Coinvolgiamo alcune associazioni ambientaliste ed CAI Lombardia in quanto non avevamo ottenuto alcun appoggio dalle sezioni locali, che avevano preferito astenersi da una presa di posizione, nonché tecnici consulenti tra botanici e geologi in grado di supportarci nella stesura di relazioni super partes da portare a supporto delle nostre diffide ed esposti. Tenteremo, invano, di ottenere supporto anche dall’istituto di istruzione universitaria della valle.
Passeremo tutto il nostro tempo libero pre e post lavoro a studiare i progetti che siamo riusciti nel mentre ad ottenere in quanto mai resi pubblici sull’albo pretorio e in amministrazione trasparente sul portale web del comune. Curioso e singolare come tali documenti compaiano online sul sito del comune solo qualche giorno dopo le numerose nostre PEC inviate come richieste formali.
Una possibilità concreta per fermare temporaneamente i lavori per costruire una strategia a lungo termine, così come suggerito dall’avvocatessa, consisteva nel rilevare delle difformità tra quanto progettato, quanto in fase di realizzazione e trovare qualche cavillo burocratico; quindi, ci attiviamo a turno per salire praticamente ogni giorno su al Passo Gavia a controllare e documentare lo stato di avanzamento dei lavori. Faremo così tutta estate.
Piccolo inciso personale, vi sembra normale che debbano essere dei cittadini a impegnarsi in azioni di questo tipo?
Fabio Sandrini
Quello che constatiamo ha dell’assurdo. Constatiamo che mancava esposta la notifica preliminare di cantiere, obbligatoria per legge e da apporre esternamente all’area di lavoro. In caso non fosse presente, od anche solo non fosse esposta in maniera visibile, la normativa prevede il sequestro immediato del cantiere, invio pertanto personalmente PEC all’arma dei Carabinieri. Il giorno seguente saliamo al Passo Gavia e incontriamo un agente che in maniera alquanto teatrale, chiamando addirittura per nome l’operaio, richiede il documento. Per più di un mese il cantiere era in essere, eppure ecco che fresco fresco di fotocopiatrice con la data proprio del giorno prima ecco comparire la notifica che comunque andrebbe esposta per legge esternamente al cantiere. A quanto pare, tuttavia, è tutto in regola e ci dicono di non preoccuparci che penseranno loro a monitorare. Ci penseranno, invece, le opportune sedi che abbiamo interpellato a chiarire il tutto.

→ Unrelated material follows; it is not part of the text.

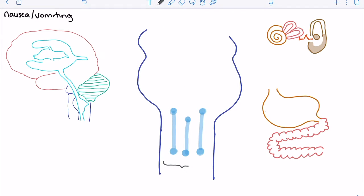We want to picture the nucleus tractus solitarius as essentially a cluster of neurons that is going to receive a number of pieces of information from different sources, and then can fire or generate a central pattern that can actually lead to nausea and vomiting. There are a ton of different things that can trigger this area of the brain to stimulate nausea and vomiting.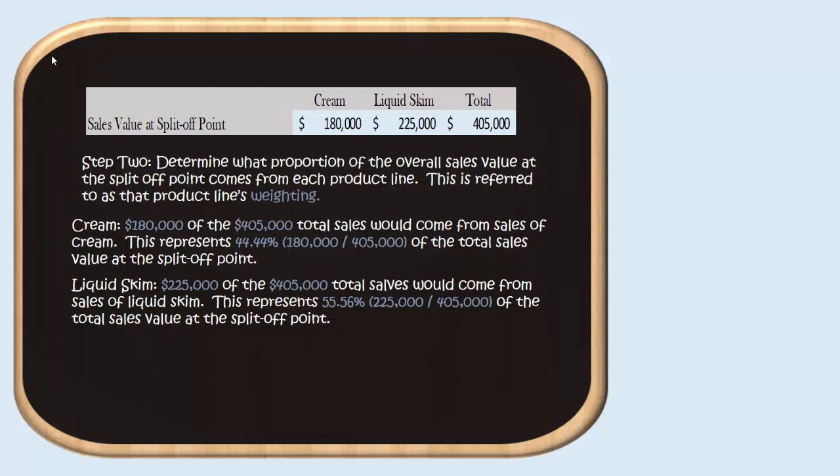Now that we know what each product line could have sold for had we not transferred for further processing, and we know the total sales we could have generated from all base level products, we can figure out each product's weight from sales value. For cream, we could have generated $180,000 in revenues out of the $405,000 total. Taking $180,000 divided by $405,000 gives us 44.44% — meaning 44.44% of our total sales value at split-off would have been derived from cream. For liquid skim, $225,000 divided by $405,000 gives us 55.56% — the proportion of sales value at split-off attributable to liquid skim.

Rileviamo una tubazione di scarico a valle che non era prevista dal progetto. Rileviamo, sempre secondo nostre ipotesi, che lo scavo era stato fatto in una posizione totalmente diversa da quanto progettato e che doveva essere di pochi metri di diametro, ma era in realtà di dimensioni ben superiori, così come rileviamo scarichi di liquidi oleosi e benzeni lungo l’area ed una serie di presunte irregolarità. Ci penseranno anche qui le opportune sedi giudiziarie a chiarire il tutto.
Tra una consulenza e l’altra riusciamo a tenere aggiornati i nostri follower su ogni nostra azione tramite comunicazioni precise e puntuali. Decidiamo quindi di alzare il tiro. Contattiamo una nota trasmissione di inchieste televisive che va in onda in prima serata su RAI3 nazionale, ci ricontattano e in ben che non si dica iniziamo le riprese televisive. Nel mentre inviamo richiesta di audizione in Commissione Europea che dopo qualche mese ci porterà nell’europarlamento di Bruxelles a denunciare quanto avvenuto al Passo Gavia. Queste due mosse, a posteriori, saranno le carte vincenti che porteranno allo stralcio dell’opera.

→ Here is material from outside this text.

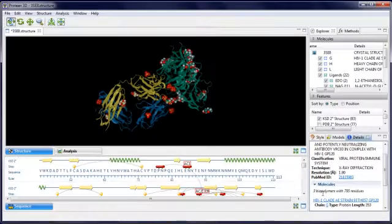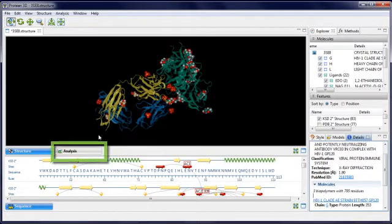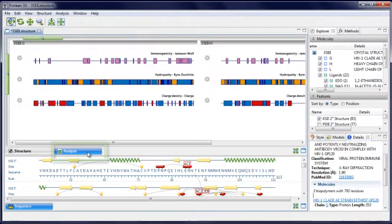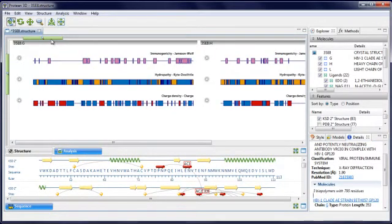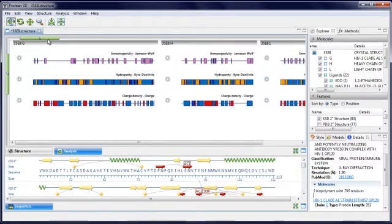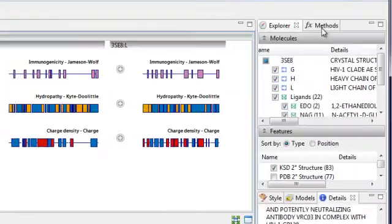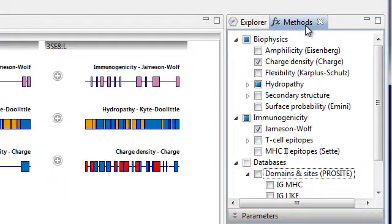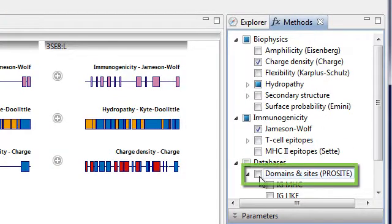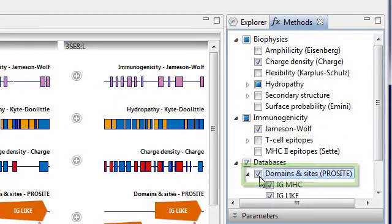To apply ProCite, first I'm going to open the analysis view, and I'm going to zoom out a bit so that I can see the analysis methods for all chains at once. And then I'm going to go to the methods panel and check domains and sites ProCite.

Nelle settimane precedenti la chiusura della strada per l’inverno, l’impresa aveva più volte tentato di forare il letto del lago per posizionare il tubo alla profondità di 2 metri e mezzo circa. Tanti i tentativi falliti e ciò che rimane ancora oggi sono una manciata di lunghe tubazioni vuote sparse nel terreno della torbiera che causeranno proprio il giorno prima della chiusura della strada giganteschi collassi e cedimenti del terreno, da noi documentati e che amplificheranno ulteriormente il disgusto popolare. L’unico tubo che riuscirà a forare il lago lo farà a circa 5 cm dalla superficie. Un disastro di questa entità per un’infrastruttura totalmente inutilizzabile.
Pochi giorni prima della chiusura della strada ad inizio ottobre, a tubo seppur erroneamente posizionato, quando ormai anche le più alte sfere avevano inteso il malcontento generale, arriva il sequestro del cantiere proprio per la presenza del tubo di scarico abusivo da noi segnalato mesi prima. Con il cantiere sotto sequestro i lavori continueranno ugualmente: gli operai di fretta e furia tapperanno il cratere senza badare a ripiantare sementi o cercare di minimizzare l’impatto ambientale che il cantiere aveva avuto sull’habitat protetto.

Vittoria, il Lago Bianco è salvo!
La strada chiude, il gelo e le prime nevicate arrivano su al Passo Gavia. Noi proseguiamo nella nostra battaglia portando avanti in Commissione Europea a Bruxelles la nostra causa che verrà accolta all’unanimità degli eurodeputati. Di questo se ne parlerà a lungo nelle settimane successive sia su quotidiani locali, sia nazionali. Pochi giorni dopo la discussione a Bruxelles ecco l’atteso annuncio, il comune decide di stralciare l’opera di presa del Lago Bianco. ISPRA dà disposizioni per un ripristino totale dell’area cui noi attivamente vigileremo non appena le nevi lasceranno posto all’acqua e all’erba nei pochi mesi dove il Gavia non riposa in veste invernale.
La storia è un continuo scorrere, ma i dubbi rimangono. Non capiamo ancora oggi come sia stato possibile autorizzare un intervento di tale portata, ignorando completamente il buon senso e privando il rispetto che meriterebbe un ambiente di questo tipo. Tanti gli aspetti che non sto qui a rimarcarvi, tra tutti il più assurdo è che il Piano di Gestione del Parco dello Stelvio risulti sì approvato, ma mai adottato. Praticamente carta straccia, un po’ come una legge approvata dal Parlamento, ma mai pubblicata in Gazzetta Ufficiale, quindi priva di alcun valore. Questi vuoti normativi, causati esclusivamente dalle politiche hanno portato a tutto questo. Lotteremo per colmarli ed evitare che qui nel Parco possa ripetersi nuovamente una cosa simile.
Questa nostra prima vittoria la dedico al mio caro amico Manuel, compagno di sciate e scalate sulle montagne di casa, perito in montagna, promettente futura guida alpina che non solo amava e rispettava il territorio come pochi oggi purtroppo sanno fare, ma che era capace come noi di lottare per la salvaguardia e la tutela di un patrimonio che, ricordo, non è di nessuna società impiantistica o di privati, bensì di tutti noi.